- **TASK GOAL**
Exactly as they appear below, repeat the lines from the one with "Youth Nike Atlanta" through the one with "Frank Walter, Chivalry, oil". Drop every picture.

- **INPUT MATERIAL**
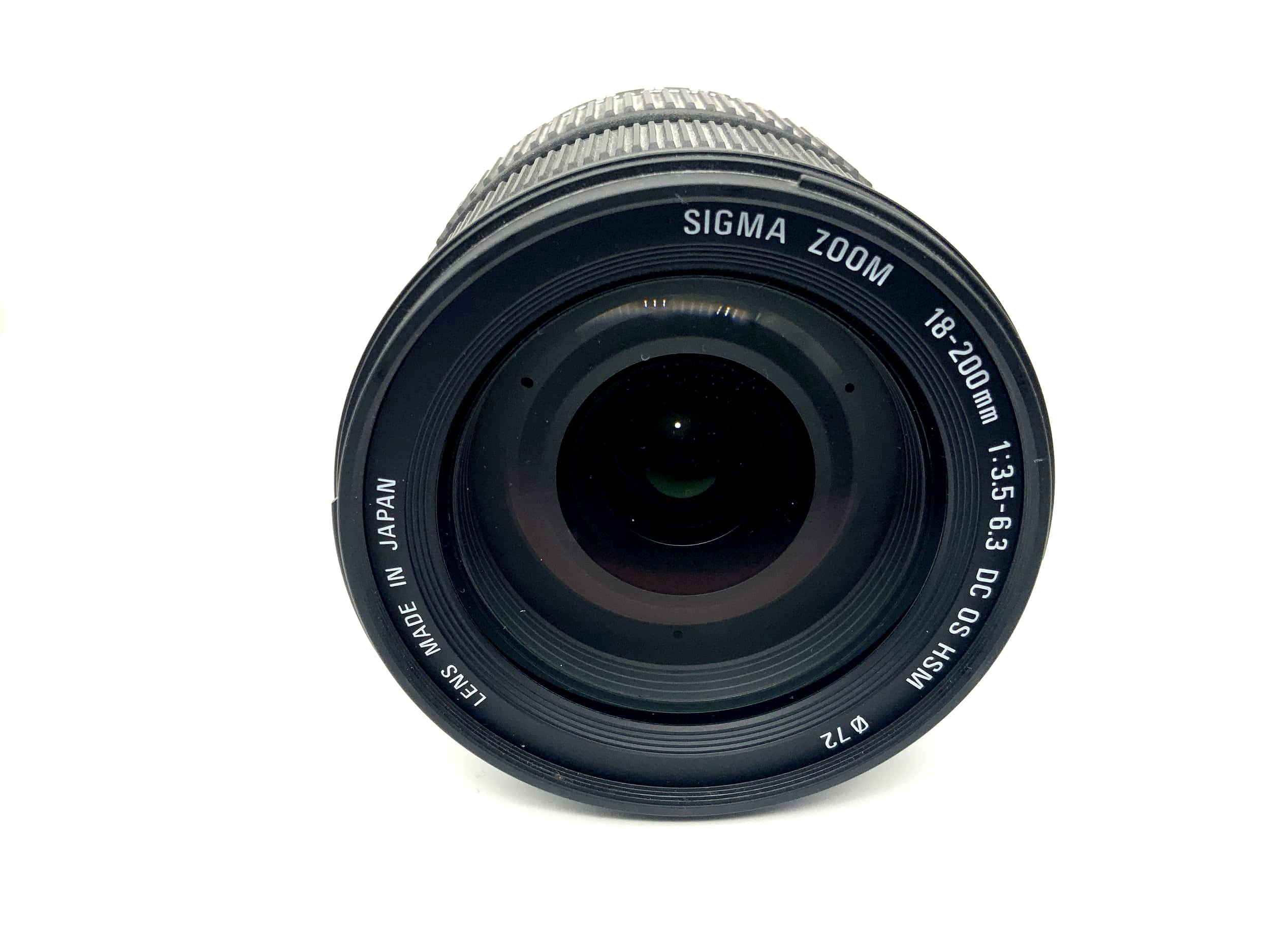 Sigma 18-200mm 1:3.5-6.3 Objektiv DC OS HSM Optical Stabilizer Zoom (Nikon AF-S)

==

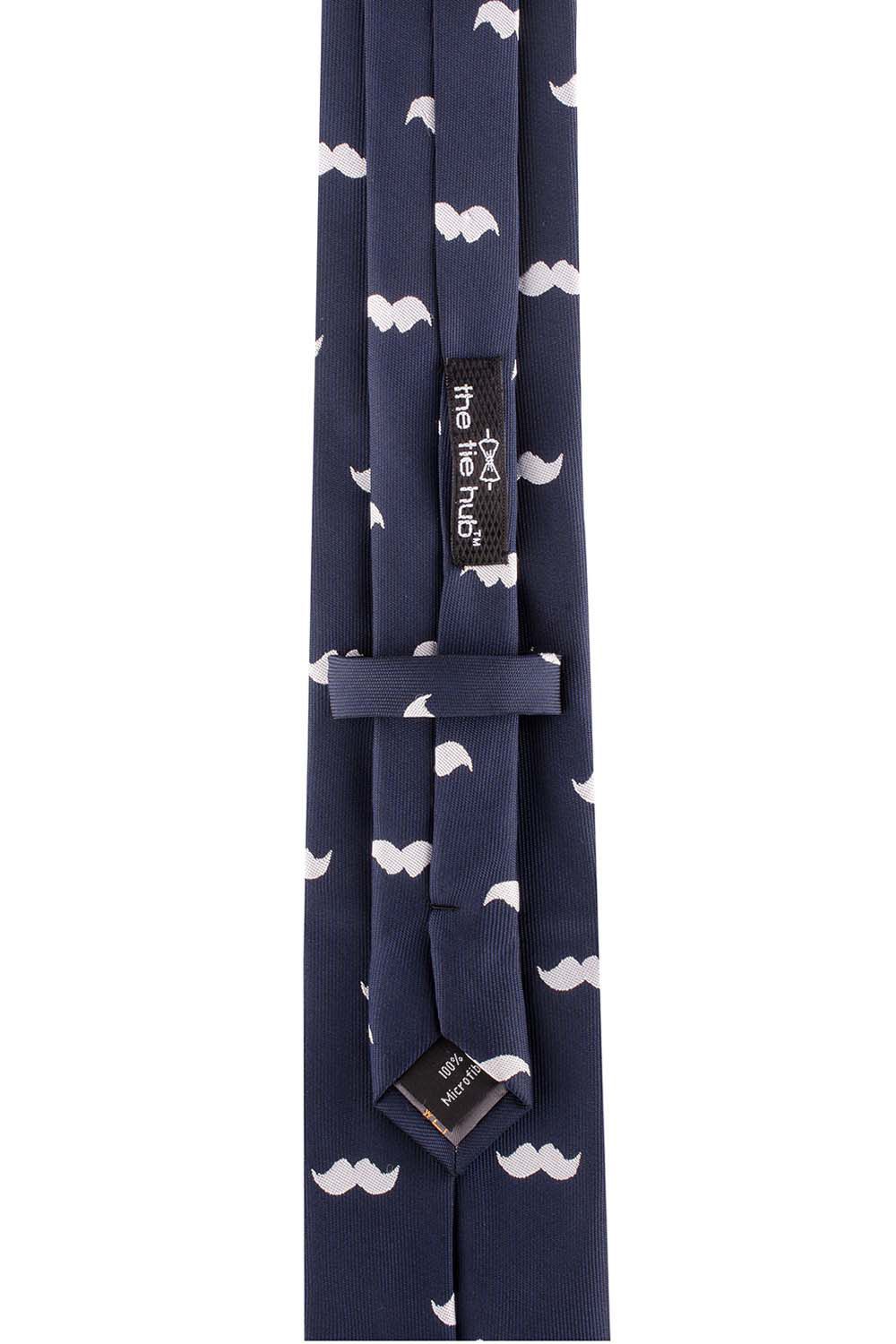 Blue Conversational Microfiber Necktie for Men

---

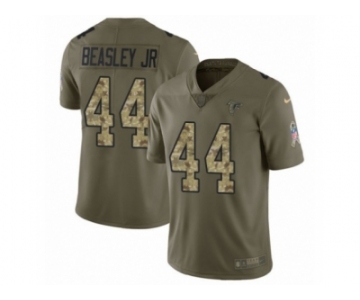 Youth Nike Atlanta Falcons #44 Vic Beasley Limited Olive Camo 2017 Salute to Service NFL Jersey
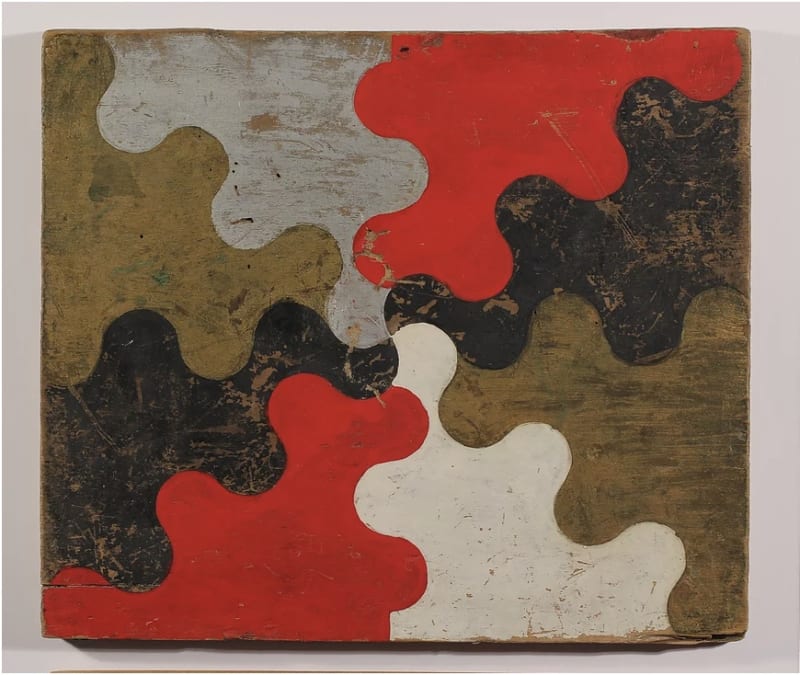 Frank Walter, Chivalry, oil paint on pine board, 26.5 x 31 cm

- **YOUR RESPONSE**
 Youth Nike Atlanta Falcons #44 Vic Beasley Limited Olive Camo 2017 Salute to Service NFL Jersey
 Frank Walter, Chivalry, oil paint on pine board, 26.5 x 31 cm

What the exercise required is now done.